For information about how to use the Watson Content Analytics APIs, see the examples in the ES_INSTALL_ROOT/samples directory.

REST APIs

Use the REST APIs to create search, content mining, and administration applications. The search REST API is available on Watson Content Analytics search servers and is deployed on the search application port, which by default is port 8393 if you use the embedded web application server. If you use WebSphere Application Server, the default port is 9081 or 80 if IBM HTTP Server is configured. The administrative REST API is available on the master server if you use the embedded web application server and uses the same port number as the administrative console, which by default is 8390. If you use WebSphere Application Server, the administrative REST API is available on the search application port, which by default is 9081 or 80 if IBM HTTP Server is configured. You can change these port numbers when you install Watson Content Analytics.

For more information about using the REST APIs, see the API documentation in the ES_INSTALL_ROOT/docs/api/rest directory. Sample scenarios that demonstrate how to perform administrative and search tasks are available in the ES_INSTALL_ROOT/samples/rest directory.

IBM search and index APIs

You can use the search and index application programming interfaces to create custom enterprise search applications. The Watson Content Analytics implementation of the search and index API (SIAPI) allows the search server to be accessed remotely.

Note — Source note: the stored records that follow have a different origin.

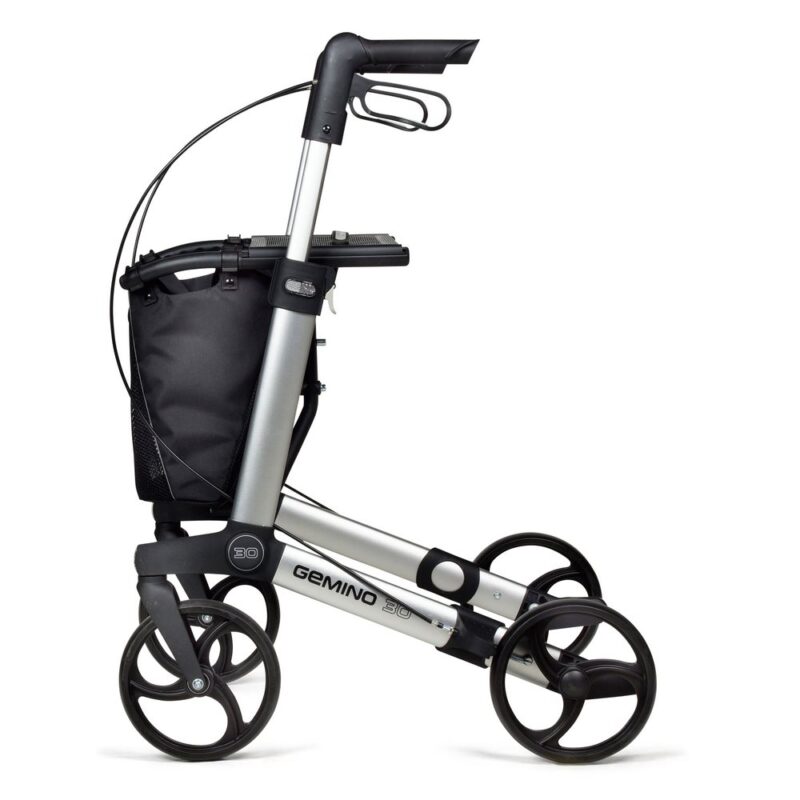 Andador Rollator Gemino 30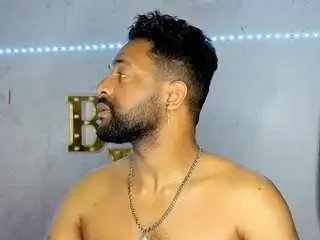 Camsoda Live Sex Cam of bbcblackhot33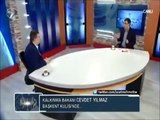 Kalkınma Bakanı Cevdet Yılmaz, Kanal 7'de Başkent Kulusi Programına konuk oldu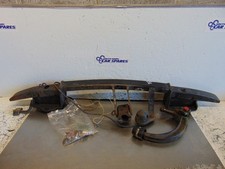 BMW 3 Series Tow Bar E91 05-12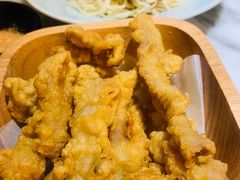 -蓉幸会川菜(苏宁广场店)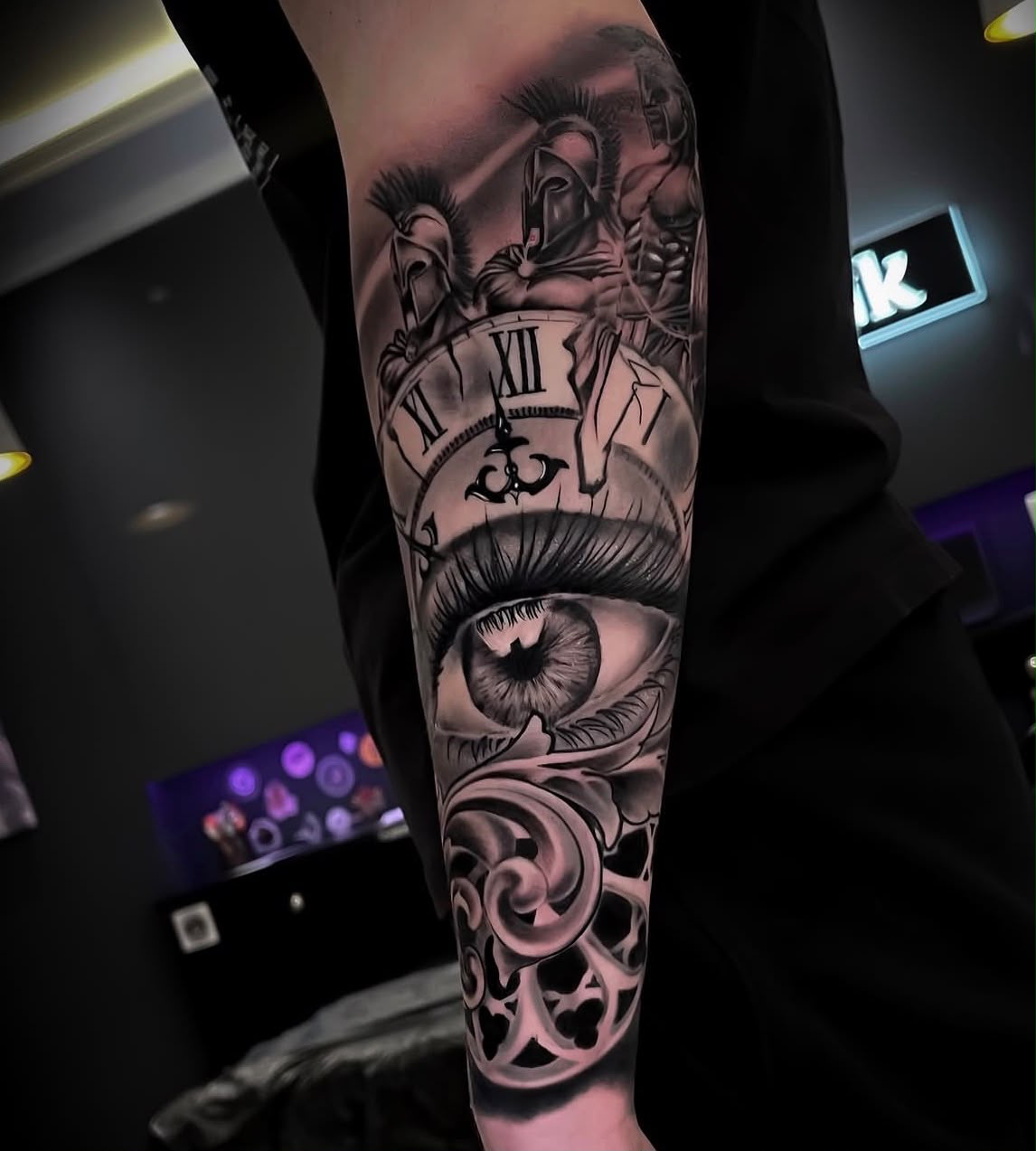 Tattoo 5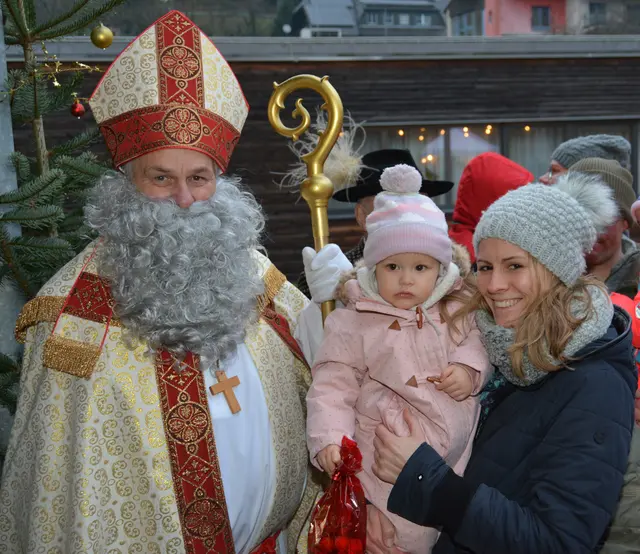 Foto: Marktgemeinde St. Nikola/Donau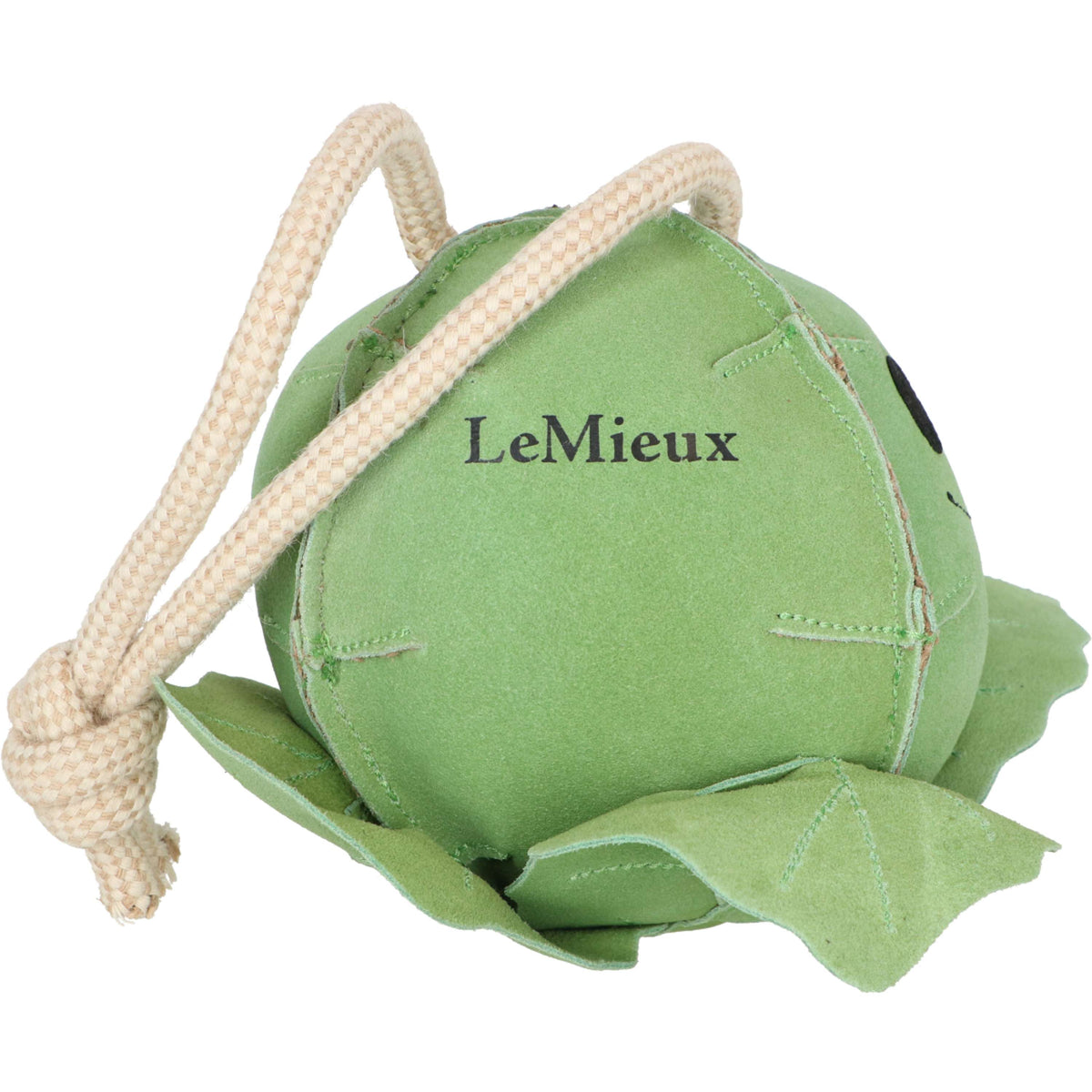 LeMieux CavalloGiocattolo Sprout Verde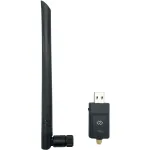 Сетевой адаптер DIGMA DWA-BT5-AC1300E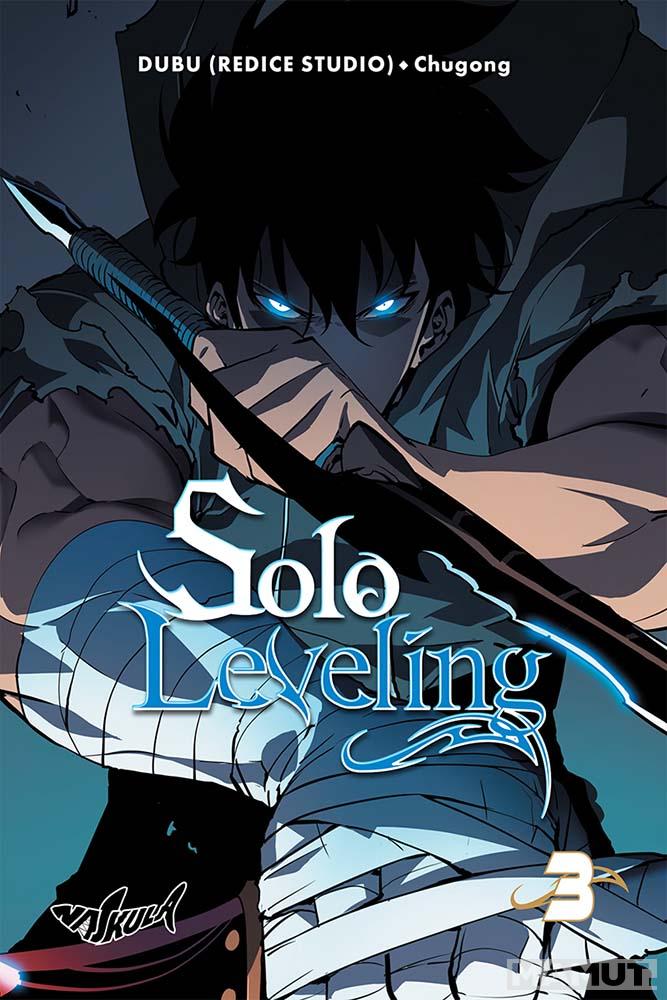 SOLO LEVELING 3 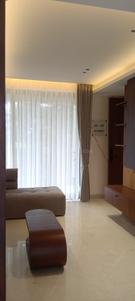 Hall Image of 2957 Sq.ft 3 BHK Apartment / Flat for sale in Rajpur Road Dehradun for Rs. 32500000
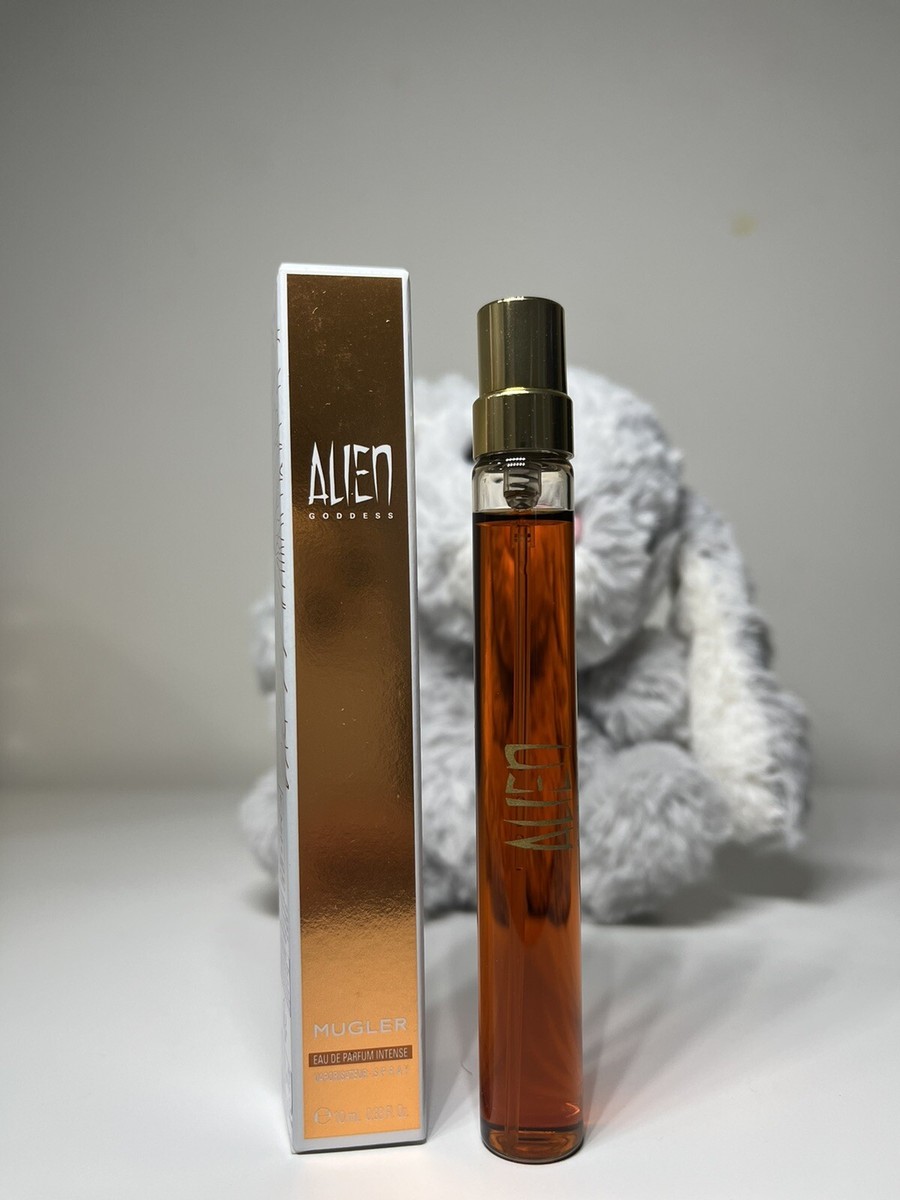 テュエリーミュグレー エイリアン ゴッデス 30ml 香水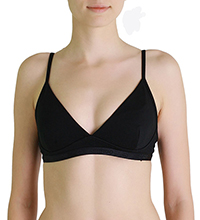 Бюстье 1065/1, р.084, рост 170, черный (Serge)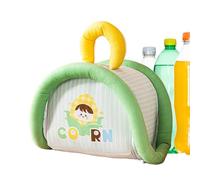 Borse Per Il Pranzo,Borsa Per Pranzo Termica Impermeabile | Portavivande Grande Capacità - Per Viaggio Pendolarismo Asilo Quotidiano Picnic Spiaggia Outdoor Campeggio Scuola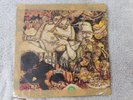 Fela Anikulapo-Kuti & Africa 70 Organization  - Monkey Banana - Nigerian LP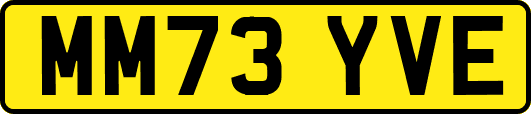 MM73YVE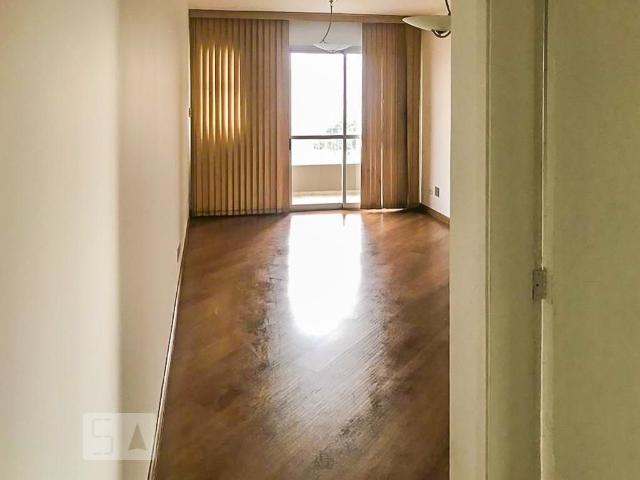 Apartamento aluguel em Região Imediata de São Paulo, Região Metropolitana de São Paulo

Restriction: The SIAPI administration APIs are deprecated and are no longer supported. The SIAPI search APIs are being deprecated and will not be supported in future releases. Use the REST APIs instead of the SIAPI APIs to create custom applications.
You can use applications that are provided with Watson Content Analytics as a base from which to develop your custom applications.
search
This application shows you how to do basic search and retrieval tasks, such as selecting collections for search, querying those collections, configuring the display of search results, and narrowing results through faceted browsing.
analytics
This application shows you how to use content mining capabilities to explore different facets of content analytics collections. For example, you can see how frequencies of facet values change over time and analyze deviations and trends in the data.
Important: If you customize a provided SIAPI application, you must rename it to ensure that your changes are not overwritten when you install a fix pack or upgrade to a new version of Watson Content Analytics.

Plug-in APIs

Plug-in APIs allow you to customize the Watson Content Analytics system in the following ways:
  • Use the crawler plug-ins to modify documents after they are crawled, but before they are parsed and indexed for search. You can add, change, or delete information in the document or the document metadata. You can also indicate that the document is to be ignored (skipped) and not indexed.
  • Use the post-filtering plug-in to apply your own security logic for post-filtering search results.
  • Use the export plug-in to apply your own logic for exporting crawled, analyzed, or searched documents and the output from deep inspection requests.

Identity management component APIs

Access to sensitive information that is contained in multiple repositories is typically controlled and enforced by the managing software. You identify yourself to the host system with a user ID and password. After the system authenticates your user ID and password, the managing software controls which documents you are allowed to see based on your access rights. Unless a single sign-on policy is implemented, you must have several different user IDs and passwords for each repository.

Watson Content Analytics provides an identity management component that enables users to search multiple repositories with a single query and see only the documents that they are allowed to see. You can build this component into your applications so that users can sign on with only one user ID and password when searching secure collections.

See the Javadoc documentation for details about the APIs that can be used to create your own identity management component or customize the provided solution.

Real time natural language processing (NLP) API

Use this API to perform ad-hoc text analytics on documents without adding the documents to the index. Both SIAPI and REST API versions of the real-time NLP API are provided. The NLP REST API accepts both text and binary content, but the SIAPI version only accepts content in text format.
Restriction: The SIAPI version of the real-time NLP API is being deprecated and will not be supported in future releases. Use the REST API version instead of the SIAPI version to create custom applications.